Responder esta questão tornou-se um problema de natureza empírica. Por um lado, estudos baseados em comparações entre países tem questionado a importância das instituições democráticas para o crescimento econômico. Contrapondo esses argumentos, estudos econômicos mais recentes que utilizam análise de dados em painel tendem a apoiar a teoria de que a democracia tem um impacto considerável no crescimento econômico.
A Figura 1 ilustra este fenômeno econômico para 38 transições democráticas durante a chamada “terceira onda de democratização”, e a democratização que se seguiu à queda do comunismo no início da década de 1990. A média anual da taxa de crescimento econômico per capita aumenta cerca de metade ponto percentual após a transição democrática. Representadas pelas linhas vermelhas, o crescimento econômico após a democratização é estatisticamente maior do que antes da transição (-0,01 contra -0,44, respectivamente). Ainda que essa diferença possa parecer pequena à primeira vista, o efeito cumulativo desta diferença reduziria em um terço o tempo necessário para este grupo de países convergir com os níveis de renda dos países da Organização para a Cooperação e Desenvolvimento Econômico (OCDE).
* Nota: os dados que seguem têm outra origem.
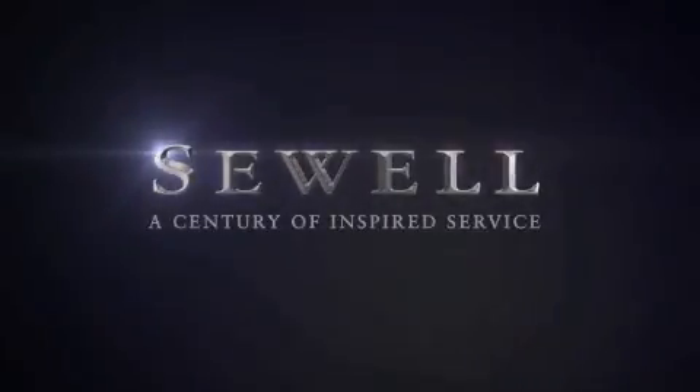At Sewell, our obsession with service extends to all of our customers, including pre-owned. Buying a pre-owned from Sewell means complimentary loan cars and washes for the life of your vehicle come standard. Let us show you what over a century of inspired service has taught us.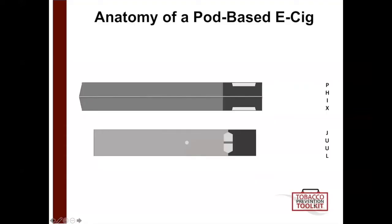In this first section, I want to cover the basics of e-cigarettes, sometimes referred to as vapes. I know there are a lot of different names out there, a lot of different brands, but the ones I want to talk about first are Fix and Juul. These are just two examples of pod-based e-cigarettes.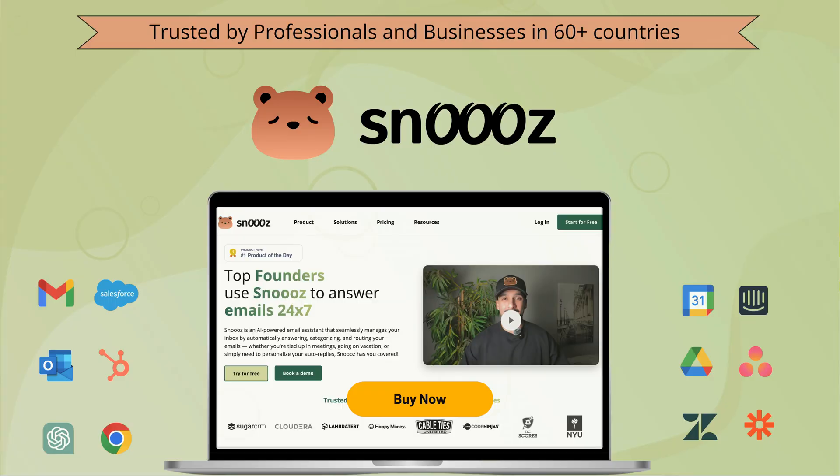If you're looking to save hours on email while keeping every lead and customer engaged, Snooze has everything you need to automate replies and stay organized. Don't miss your chance to lock in lifetime access — click buy now to get Snooze today.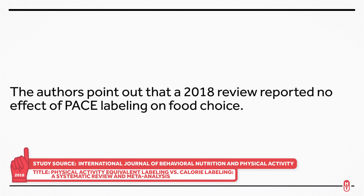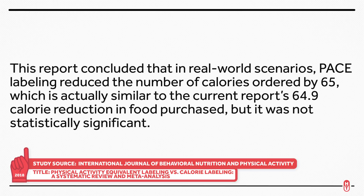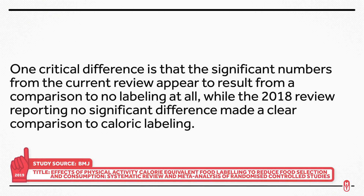However, the authors do point out that a 2018 review reported no effect of PACE labeling on food choice. This report concluded that in real-world scenarios, PACE labeling reduced the number of calories ordered by 65, which is similar to the current report's 64.9 calorie reduction in food purchase, but it was not statistically significant. Making a direct comparison between these reports is difficult because they each looked at different studies and different things within those studies. One critical difference is that the significant numbers from the current review appeared to result from a comparison to no labeling at all, while the 2018 review reporting no significant difference made a clear comparison to already existing caloric labeling.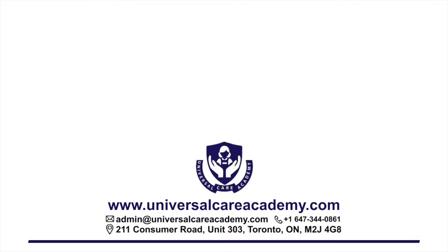For details and registration, visit our website now at www.universalcareacademy.com.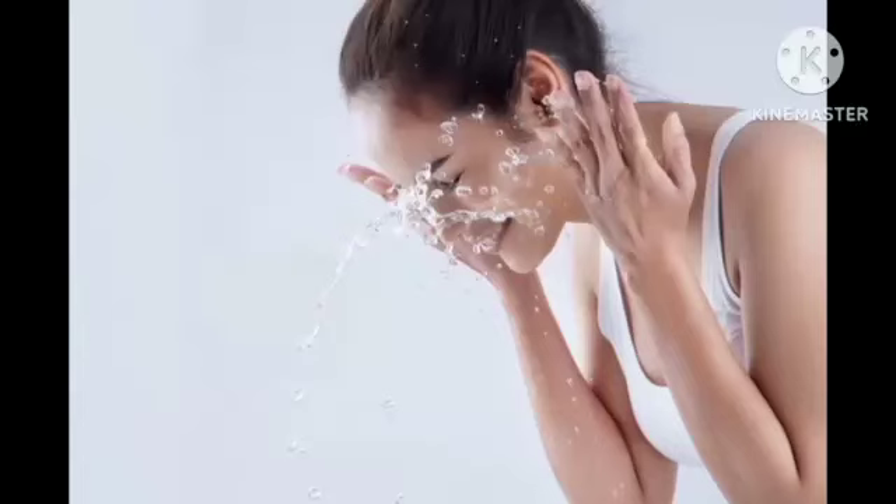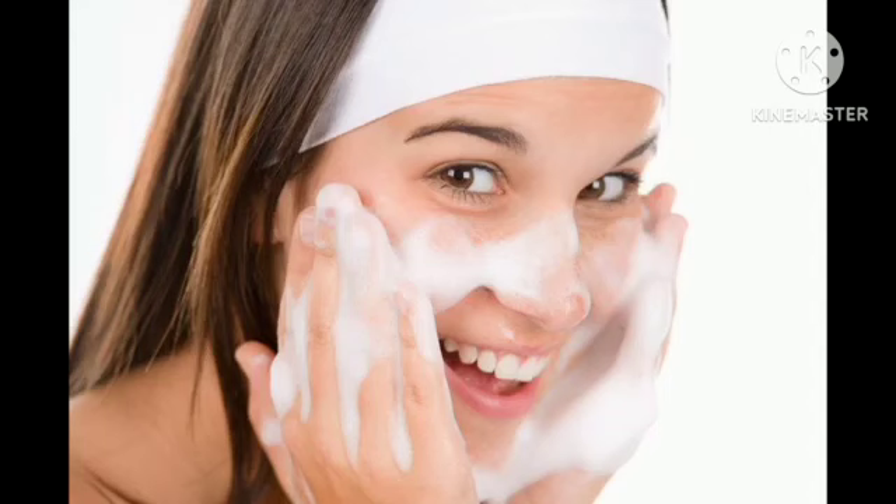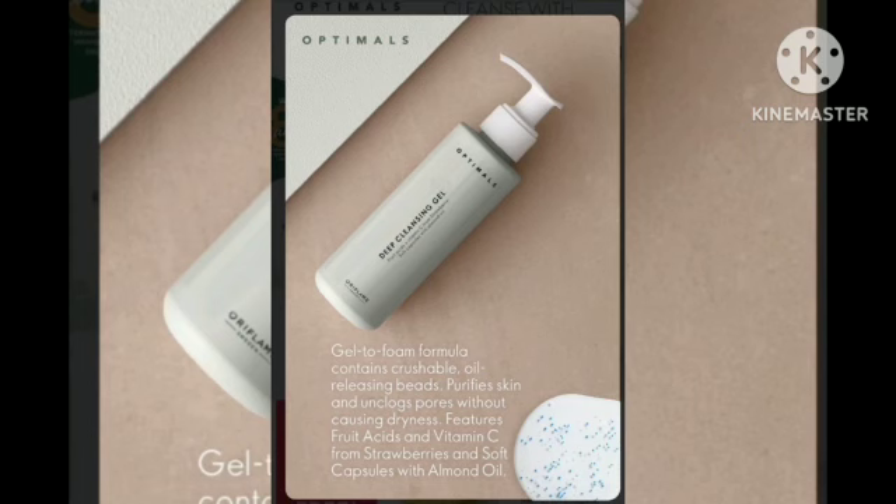Hey guys, we are doing face wash daily. You can change your skin tone and make it bright. This is an exclusive product — Oriflame Deep Cleansing Gel. This is how we use it for face glow and face wash.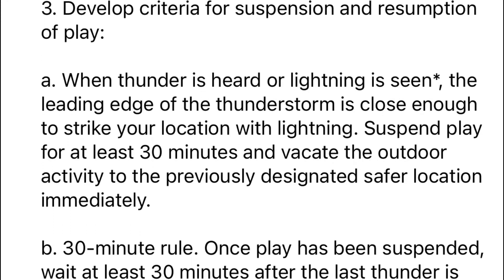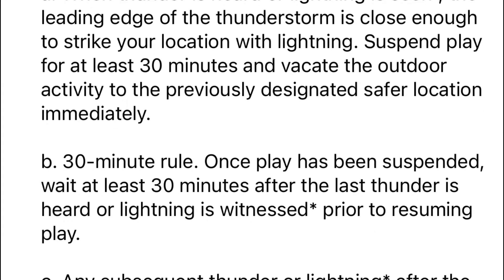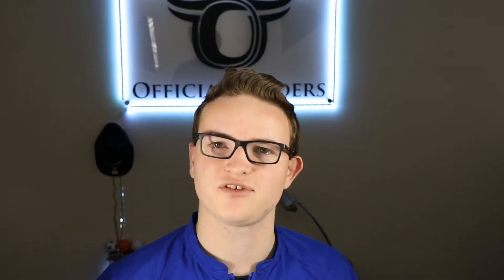This is not determined by travel leagues, organizations, or even your assigner — it is determined by national federation high school rules. The 30-minute timer is written into national federation high school rules, and the organization, coaches, and even your assigner do not have the authority to overrule this. It's your job to enforce these rules and to make sure that everyone stays safe.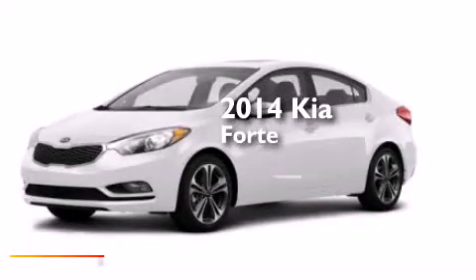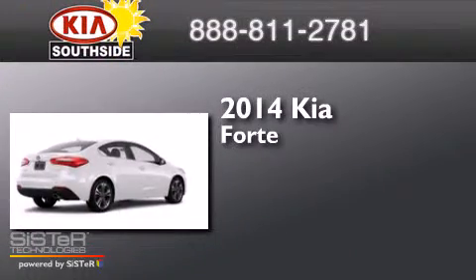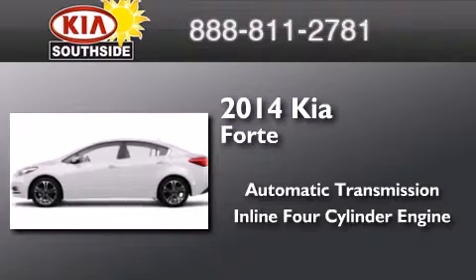This is a brand new 2014 Kia Forte. This four-door sedan has an automatic transmission and an inline four-cylinder engine.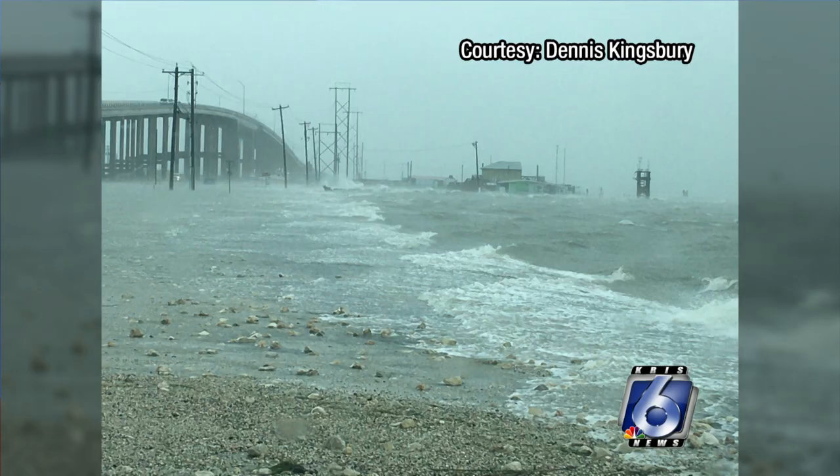This is a picture posted by Chris 6 News photojournalist Dennis Kingsbury. He took the photo near the JFK Causeway about an hour ago. You can't see the roadways there.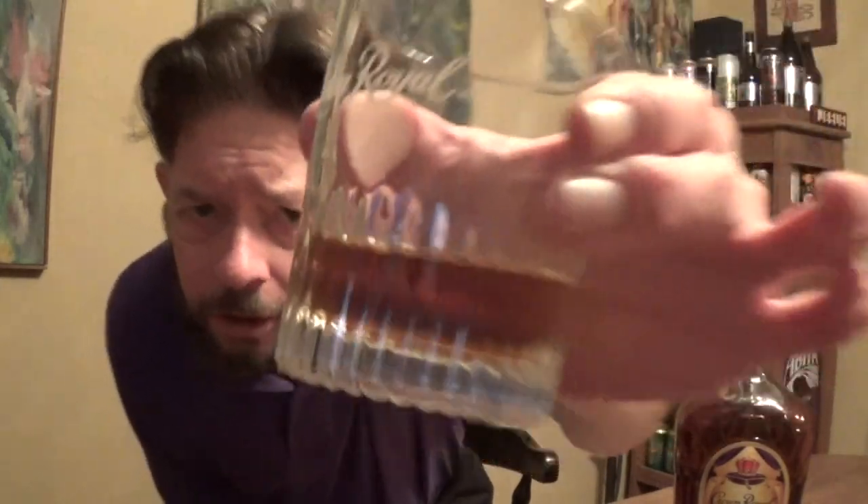No age statement, but we know it's at least three years old. It's a blend of different whiskey ages. The appearance is brown — like copper, as you'd call it.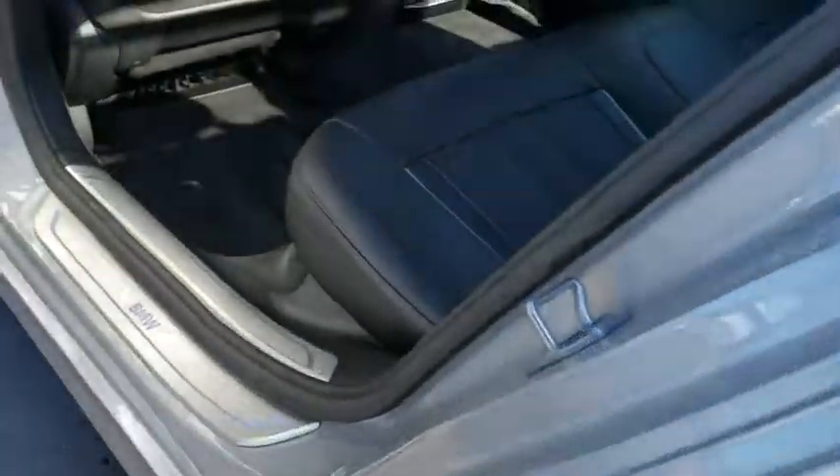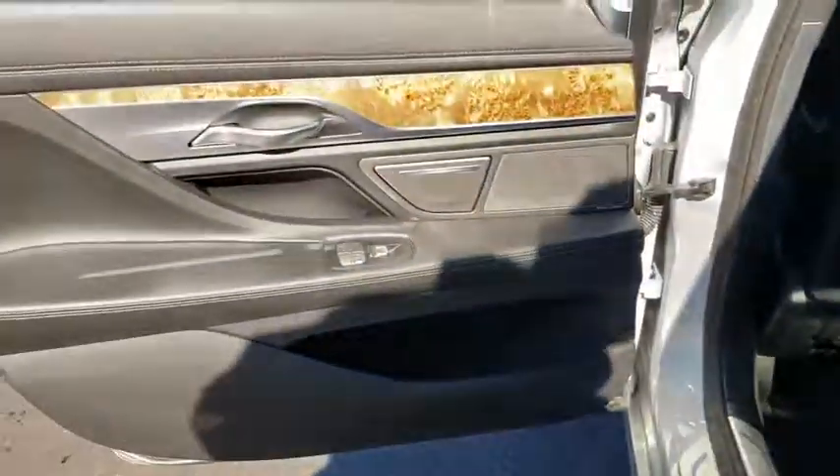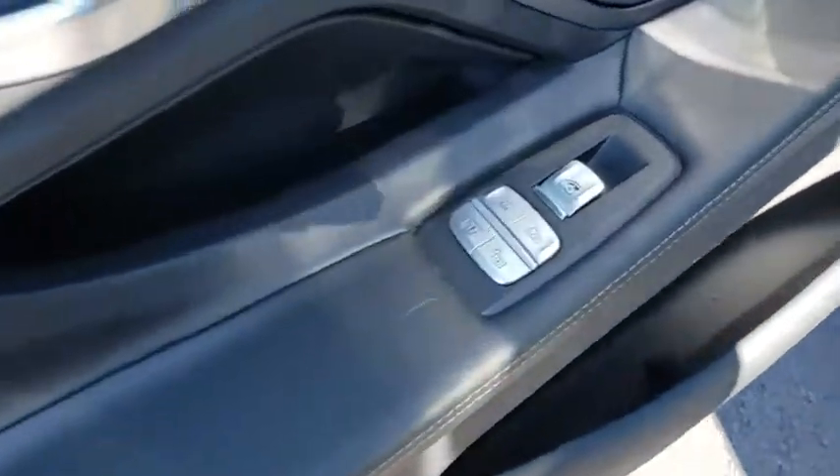Cruise control, floor mats, keyless start, four-wheel disc brakes, aluminum wheels, hard disk drive media storage.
A evidência retratada na Figura 1 sugere que a democracia tem um efeito considerável sobre o crescimento.
Figura 1. Crescimento do PIB real per capita durante transições democráticas
Apesar desta evidência, existe uma extensa literatura em ciência política indicando que as transições para regimes democráticos podem ser endógenas ao crescimento econômico, e portanto, turbulências econômicas seriam responsáveis por causar ou facilitar transições democráticas.[1] Sendo assim, a mais baixa (e negativa!) taxa de crescimento econômico antes da transição democrática pode indicar que o mau desempenho econômico empurra ou catalisa o fim dos regimes autocráticos. Por exemplo, Remmer (1993), Gasiorowski (1985), bem como tantos outros pesquisadores apontam para os choques no preço do petróleo na década de 1970, a expansão no financiamento internacional, e as subsequentes crises da dívida internacional como sendo a origem da onda de redemocratizações na América Latina na década de 1980.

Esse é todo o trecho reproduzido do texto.